Video introduces time as a fundamental axis. Unlike images, videos require understanding what changes, what stays constant, and the causal relationships between events.

Video as a Tensor

Video is a 4D tensor: (time, height, width, channels). For computational purposes, we sample frames and process them sequentially. The key challenge is that naive frame-by-frame processing loses temporal continuity, while aggressive temporal compression loses spatial detail.

import av
import torch
from transformers import AutoModelForVideoClassification

# Load a video using PyAV
container = av.open("kitchen_activity.mp4")

# Inspect video properties
video_stream = container.streams.video[0]
print(f"Resolution: {video_stream.width}x{video_stream.height}")
print(f"FPS: {video_stream.average_rate}")
print(f"Duration: {video_stream.duration * video_stream.time_base}")

# Common failure: forgetting time_base conversion
# Duration is in packet units, not seconds!
actual_duration_seconds = video_stream.duration * float(video_stream.time_base)

Spatial vs. Temporal Information

Frames capture appearance: objects, colors, textures, spatial arrangements. Optical flow captures motion: direction, speed, acceleration.
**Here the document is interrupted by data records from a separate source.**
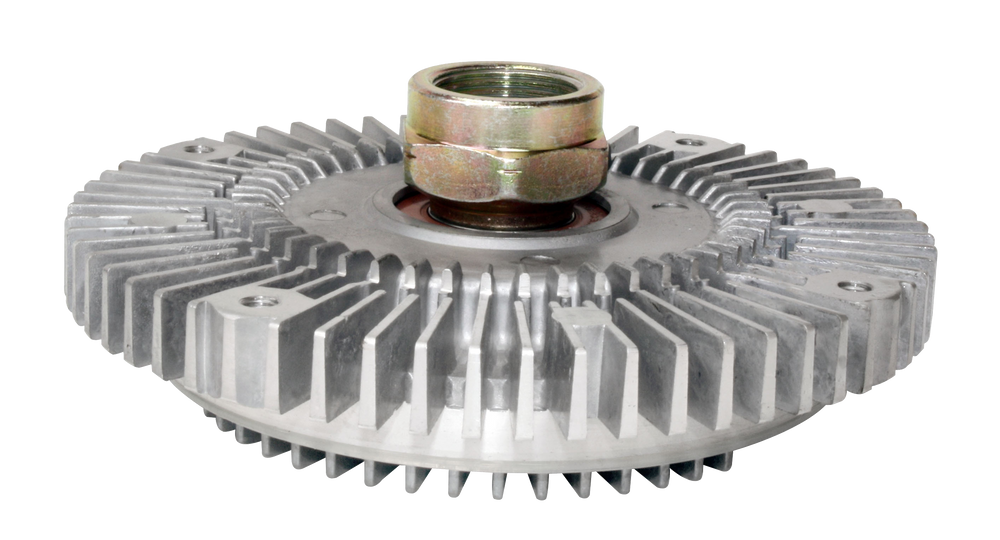 Fan Clutch Bmw 528i L6 2.8l 1990-2003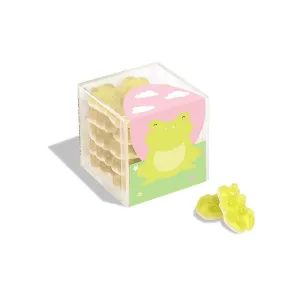 SUGARFINA | Apple Frogs Candy Cube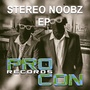 Stereo Noobz EP (Zeropage)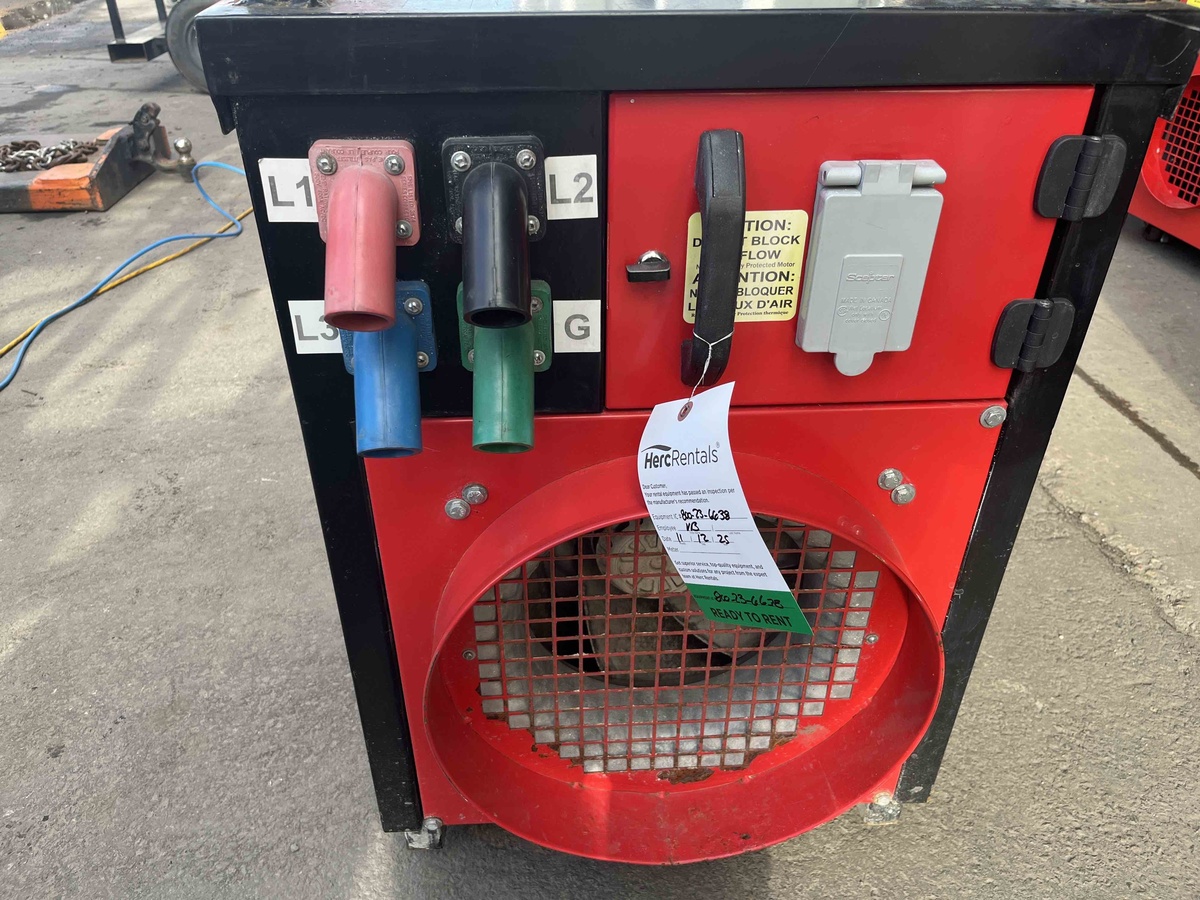 2018 CAMPO BLAZE 60E-3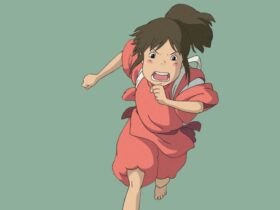 la cittร incantata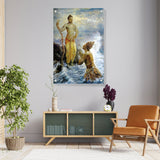 012_Varuna-Rama_RRV - Acrylic Wall Photo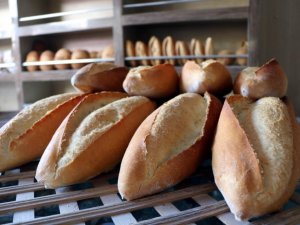 Erzincan’da Ekmeğin Gramajı Düştü, Fiyat Aynı Kaldı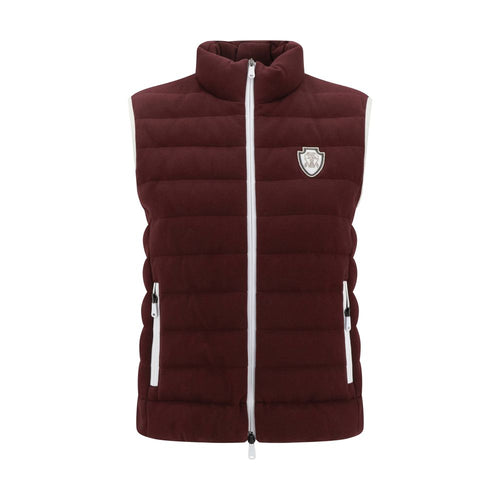 Padded Vest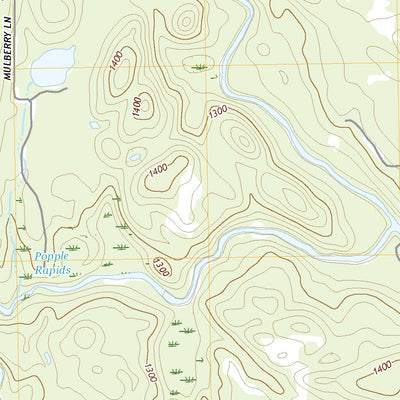 Florence SE, WI (2018, 24000-Scale) Preview 3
Many video models use both, either by stacking optical flow as additional channels or by processing RGB and flow separately.

# Optical flow extraction with OpenCV
import cv2

cap = cv2.VideoCapture("kitchen_activity.mp4")
ret, prev_frame = cap.read()

while cap.isOpened():
    ret, curr_frame = cap.read()
    if not ret:
        break
    
    prev_gray = cv2.cvtColor(prev_frame, cv2.COLOR_BGR2GRAY)
    curr_gray = cv2.cvtColor(curr_frame, cv2.COLOR_BGR2GRAY)
    
    # Compute Farneback optical flow
    flow = cv2.calcOpticalFlowFarneback(
        prev_gray, curr_gray,
        None,
        pyr_scale=0.5,
        levels=3,
        winsize=15,
        iterations=3,
        poly_n=5,
        poly_sigma=1.2,
        flags=0
    )
    
    # flow shape: (H, W, 2) - 2 channels for u, v displacement
    prev_frame = curr_frame

Local verification checkpoint

Run the smallest example from this chapter in a local workspace and record the package version, runtime, data path, and observed output. If the result depends on model size, vector count, CPU/GPU backend, or available memory, note that constraint beside the exercise so the lesson remains reproducible.